While almost any social conservative movement in the Muslim world or otherwise professes adherence to religious doctrine as being the core of its ideological commitment, and while there are important ways in which Muslim social conservatives insist on adherence to religious rules in their most traditional forms, it is a mistake of category to equate the two. Religious doctrine does not always motivate Muslim social conservatives, and the commitments of those social conservatives often derogate from the demands of doctrine.
The divergence between the two becomes particularly obvious in the context of the drafting of Islamic legislation that is intended to reflect historic and traditional Islamic rules. A particularly important example of this lies in the subject of examination of this Article—the recently promulgated draft “Ja’fari Personal Status Code” in Iraq, designed to rewrite the rules of personal status (encompassing primarily family law, wills and inheritance) for Iraq’s Shi’i population. The goal was ostensibly to bring those rules into conformity with long established Shi’i juristic interpretations of Islam’s sacred texts, in a Sunni dominated state that had spent decades repressing Shi’i jurists and marginalizing the rules they promulgated.

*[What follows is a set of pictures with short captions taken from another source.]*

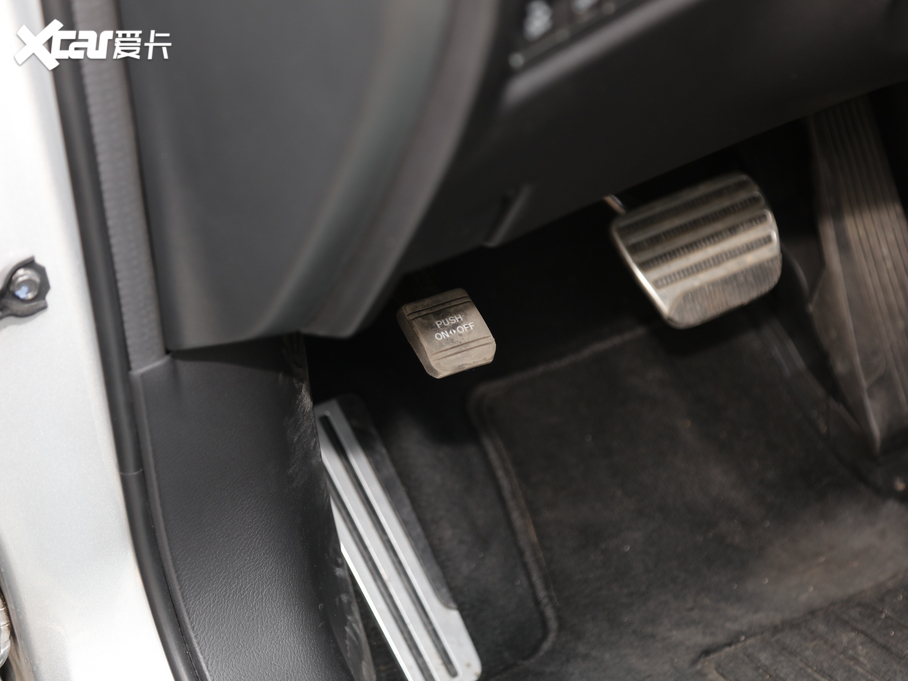 2018ӢQ50L 2.0T ݼӢ\Ӱ VI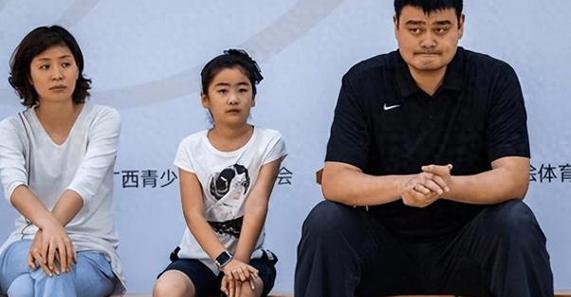 姚明女儿姚沁蕾13岁多高？身高变化图，看看长多快！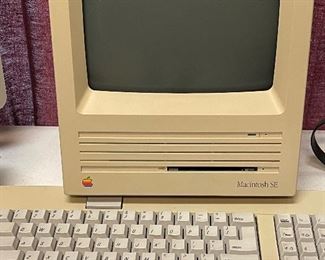 Apple Computer VINTAGE!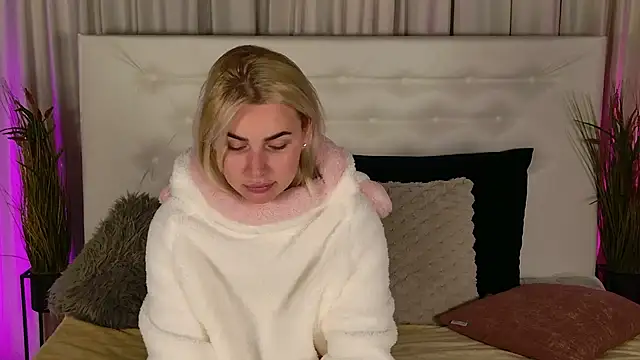 Онлайн чат XXX EmmiLive
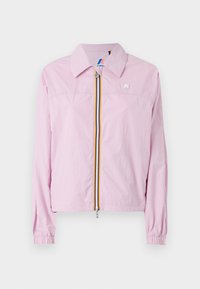 Lichtgewicht roze jack met een kraag, rits aan de voorkant met gele en blauwe strepen, elastische manchetten en een klein logo op de borst.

Given the motivations of the project (to comply with a longstanding Shi’i demand to change the law to conform more closely to juristic rules), and given that within Shi’ism, the juristic rules are pronounced by modern authorities who continue to retain extremely high levels of legitimacy, one would expect that faithful and close adherence to religious rules would follow in this context if no other. Yet no such faithful adherence is found, and in fact the divergence from doctrine is so stark that the jurists themselves ultimately denounced the draft.
Using examples such as prostitution, child marriage, slavery and female genital mutilation, the Article demonstrates the manner in which the draft Code diverges in significant ways from historic Shi’i doctrine in order to defer to preferences and commitments of socially conservative traditionalists who would otherwise claim adherence to the doctrine. It also shows that this sort of deference is exercised not only by lawmakers who seek to curry favor with conservative constituents, but that even the jurists themselves often downplay or obfuscate their own rules when they are aware that such rules are unlikely to be received with very much enthusiasm by the devout who profess, but do not practice, absolute devotion to them.
The Article concludes with the observation that the perduring notion that conservatives seek “strict”, “pure” or “literalist” shari’a, while liberals wish to “reform” it is not only false, but also dangerous. This broad presumptive equivalence between close adherence to shari’a and Muslim social conservatism privileges the ideological preferences of the social conservative over those of the liberal in a manner that renders it all the more difficult to engage in meaningful religious reform within the Islamic tradition.